[Source records]
━━━━━━━━━━

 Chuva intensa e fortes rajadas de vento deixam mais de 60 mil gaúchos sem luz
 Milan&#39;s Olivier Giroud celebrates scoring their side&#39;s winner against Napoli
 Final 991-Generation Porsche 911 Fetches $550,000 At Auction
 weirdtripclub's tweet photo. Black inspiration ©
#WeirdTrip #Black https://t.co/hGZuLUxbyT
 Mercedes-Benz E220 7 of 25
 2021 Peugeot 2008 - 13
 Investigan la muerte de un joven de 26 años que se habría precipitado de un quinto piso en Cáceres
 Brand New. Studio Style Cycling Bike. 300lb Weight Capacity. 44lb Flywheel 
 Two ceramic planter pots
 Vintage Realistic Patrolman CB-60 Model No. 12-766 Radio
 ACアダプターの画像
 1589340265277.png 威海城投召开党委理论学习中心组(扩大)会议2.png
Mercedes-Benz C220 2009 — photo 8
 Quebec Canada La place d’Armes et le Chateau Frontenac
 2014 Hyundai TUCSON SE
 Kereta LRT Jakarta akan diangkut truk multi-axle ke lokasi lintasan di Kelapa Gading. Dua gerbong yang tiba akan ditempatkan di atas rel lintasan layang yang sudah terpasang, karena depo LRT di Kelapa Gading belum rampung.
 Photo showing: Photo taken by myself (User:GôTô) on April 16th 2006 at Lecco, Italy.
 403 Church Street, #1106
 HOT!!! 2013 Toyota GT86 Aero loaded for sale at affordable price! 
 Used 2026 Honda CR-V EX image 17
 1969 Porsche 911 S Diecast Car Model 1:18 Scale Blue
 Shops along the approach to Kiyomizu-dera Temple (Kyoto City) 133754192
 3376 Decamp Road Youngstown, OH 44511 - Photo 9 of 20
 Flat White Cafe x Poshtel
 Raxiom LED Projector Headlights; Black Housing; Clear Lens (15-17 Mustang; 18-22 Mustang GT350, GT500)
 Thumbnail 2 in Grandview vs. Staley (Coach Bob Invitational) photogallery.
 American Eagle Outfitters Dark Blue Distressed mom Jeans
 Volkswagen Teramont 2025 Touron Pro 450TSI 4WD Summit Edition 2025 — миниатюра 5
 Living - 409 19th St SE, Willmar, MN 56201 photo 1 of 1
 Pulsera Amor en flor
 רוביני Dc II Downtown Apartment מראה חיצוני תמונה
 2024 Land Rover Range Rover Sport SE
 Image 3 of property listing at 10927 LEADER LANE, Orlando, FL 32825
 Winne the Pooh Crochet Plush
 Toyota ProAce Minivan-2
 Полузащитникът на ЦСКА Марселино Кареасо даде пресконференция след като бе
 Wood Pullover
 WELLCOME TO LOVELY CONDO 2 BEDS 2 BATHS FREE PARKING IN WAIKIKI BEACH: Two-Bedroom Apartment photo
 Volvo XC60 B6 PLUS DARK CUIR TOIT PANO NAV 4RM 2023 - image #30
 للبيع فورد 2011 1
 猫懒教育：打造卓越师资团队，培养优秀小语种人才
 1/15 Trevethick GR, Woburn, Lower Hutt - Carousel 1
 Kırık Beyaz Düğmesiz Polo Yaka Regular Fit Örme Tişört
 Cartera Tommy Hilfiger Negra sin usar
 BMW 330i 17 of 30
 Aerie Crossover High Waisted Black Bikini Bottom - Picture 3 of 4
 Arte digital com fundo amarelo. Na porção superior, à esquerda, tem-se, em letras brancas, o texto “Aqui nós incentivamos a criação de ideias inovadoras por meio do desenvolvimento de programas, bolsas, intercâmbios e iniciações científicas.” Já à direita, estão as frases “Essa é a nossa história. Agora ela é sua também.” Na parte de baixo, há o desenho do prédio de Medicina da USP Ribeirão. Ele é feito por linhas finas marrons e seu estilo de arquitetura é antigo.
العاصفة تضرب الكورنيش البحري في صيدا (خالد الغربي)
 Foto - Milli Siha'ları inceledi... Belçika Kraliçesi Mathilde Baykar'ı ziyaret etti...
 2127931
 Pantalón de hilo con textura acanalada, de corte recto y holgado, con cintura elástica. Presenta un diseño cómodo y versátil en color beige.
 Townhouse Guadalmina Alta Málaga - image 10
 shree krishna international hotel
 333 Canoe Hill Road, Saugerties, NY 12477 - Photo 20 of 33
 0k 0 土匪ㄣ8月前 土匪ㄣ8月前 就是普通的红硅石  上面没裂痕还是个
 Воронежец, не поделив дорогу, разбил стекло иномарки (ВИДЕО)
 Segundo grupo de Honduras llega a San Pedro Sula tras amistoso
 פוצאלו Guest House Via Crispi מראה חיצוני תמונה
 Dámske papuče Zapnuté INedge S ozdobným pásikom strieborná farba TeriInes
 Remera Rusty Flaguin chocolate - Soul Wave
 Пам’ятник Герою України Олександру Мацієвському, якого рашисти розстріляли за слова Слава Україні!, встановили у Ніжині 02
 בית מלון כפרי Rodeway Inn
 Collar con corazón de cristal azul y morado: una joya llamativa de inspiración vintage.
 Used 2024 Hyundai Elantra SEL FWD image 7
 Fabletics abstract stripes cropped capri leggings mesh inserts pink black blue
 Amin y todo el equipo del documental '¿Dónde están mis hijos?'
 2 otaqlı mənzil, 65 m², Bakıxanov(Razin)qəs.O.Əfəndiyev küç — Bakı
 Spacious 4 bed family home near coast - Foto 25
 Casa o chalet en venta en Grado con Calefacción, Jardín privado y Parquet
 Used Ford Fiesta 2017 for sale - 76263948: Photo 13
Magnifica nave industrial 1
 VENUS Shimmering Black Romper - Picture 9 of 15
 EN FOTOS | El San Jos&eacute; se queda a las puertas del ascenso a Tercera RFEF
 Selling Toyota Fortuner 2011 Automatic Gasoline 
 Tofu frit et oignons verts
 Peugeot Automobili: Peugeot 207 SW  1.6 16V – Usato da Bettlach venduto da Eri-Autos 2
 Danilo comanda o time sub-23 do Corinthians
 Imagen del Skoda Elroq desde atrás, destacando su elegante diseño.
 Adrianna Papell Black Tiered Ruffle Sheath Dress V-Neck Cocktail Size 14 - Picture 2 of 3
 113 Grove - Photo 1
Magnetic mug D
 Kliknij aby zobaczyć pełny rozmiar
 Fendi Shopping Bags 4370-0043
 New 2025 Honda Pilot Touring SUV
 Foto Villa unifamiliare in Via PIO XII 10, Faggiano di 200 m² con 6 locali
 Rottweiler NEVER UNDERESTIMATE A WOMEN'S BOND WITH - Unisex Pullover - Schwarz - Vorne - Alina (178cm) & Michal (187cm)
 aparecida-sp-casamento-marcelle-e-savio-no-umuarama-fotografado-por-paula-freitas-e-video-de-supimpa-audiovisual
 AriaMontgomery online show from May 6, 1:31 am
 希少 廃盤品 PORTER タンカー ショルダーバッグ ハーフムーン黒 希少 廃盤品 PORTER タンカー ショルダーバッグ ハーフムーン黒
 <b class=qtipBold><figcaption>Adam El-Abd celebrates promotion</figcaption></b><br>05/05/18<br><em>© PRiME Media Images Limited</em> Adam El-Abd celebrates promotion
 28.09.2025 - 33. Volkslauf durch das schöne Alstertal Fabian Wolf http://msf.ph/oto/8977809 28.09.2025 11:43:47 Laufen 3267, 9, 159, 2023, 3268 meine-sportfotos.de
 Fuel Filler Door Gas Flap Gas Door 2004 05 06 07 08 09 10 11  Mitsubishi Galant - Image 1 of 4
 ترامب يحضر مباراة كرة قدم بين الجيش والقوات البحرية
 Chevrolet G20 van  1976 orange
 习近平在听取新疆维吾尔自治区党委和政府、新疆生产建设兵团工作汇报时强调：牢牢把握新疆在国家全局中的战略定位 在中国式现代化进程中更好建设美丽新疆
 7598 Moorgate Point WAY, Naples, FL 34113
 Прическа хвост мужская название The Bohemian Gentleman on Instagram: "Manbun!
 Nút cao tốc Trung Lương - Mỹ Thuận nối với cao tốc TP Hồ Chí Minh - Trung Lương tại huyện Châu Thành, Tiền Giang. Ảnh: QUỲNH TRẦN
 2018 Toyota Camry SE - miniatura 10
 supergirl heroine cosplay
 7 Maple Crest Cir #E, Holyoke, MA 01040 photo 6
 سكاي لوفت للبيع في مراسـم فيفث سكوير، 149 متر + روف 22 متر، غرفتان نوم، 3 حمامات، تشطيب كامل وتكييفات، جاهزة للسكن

━━━━━━━━━━

> **Task description**:
Restate word for word the lines of the data above, starting at the line containing "shree krishna international hotel" and ending at the line containing "Magnifica nave industrial 1", both included, and nothing more.

> **The answer**:
 shree krishna international hotel
 333 Canoe Hill Road, Saugerties, NY 12477 - Photo 20 of 33
 0k 0 土匪ㄣ8月前 土匪ㄣ8月前 就是普通的红硅石  上面没裂痕还是个
 Воронежец, не поделив дорогу, разбил стекло иномарки (ВИДЕО)
 Segundo grupo de Honduras llega a San Pedro Sula tras amistoso
 פוצאלו Guest House Via Crispi מראה חיצוני תמונה
 Dámske papuče Zapnuté INedge S ozdobným pásikom strieborná farba TeriInes
 Remera Rusty Flaguin chocolate - Soul Wave
 Пам’ятник Герою України Олександру Мацієвському, якого рашисти розстріляли за слова Слава Україні!, встановили у Ніжині 02
 בית מלון כפרי Rodeway Inn
 Collar con corazón de cristal azul y morado: una joya llamativa de inspiración vintage.
 Used 2024 Hyundai Elantra SEL FWD image 7
 Fabletics abstract stripes cropped capri leggings mesh inserts pink black blue
 Amin y todo el equipo del documental '¿Dónde están mis hijos?'
 2 otaqlı mənzil, 65 m², Bakıxanov(Razin)qəs.O.Əfəndiyev küç — Bakı
 Spacious 4 bed family home near coast - Foto 25
 Casa o chalet en venta en Grado con Calefacción, Jardín privado y Parquet
 Used Ford Fiesta 2017 for sale - 76263948: Photo 13
Magnifica nave industrial 1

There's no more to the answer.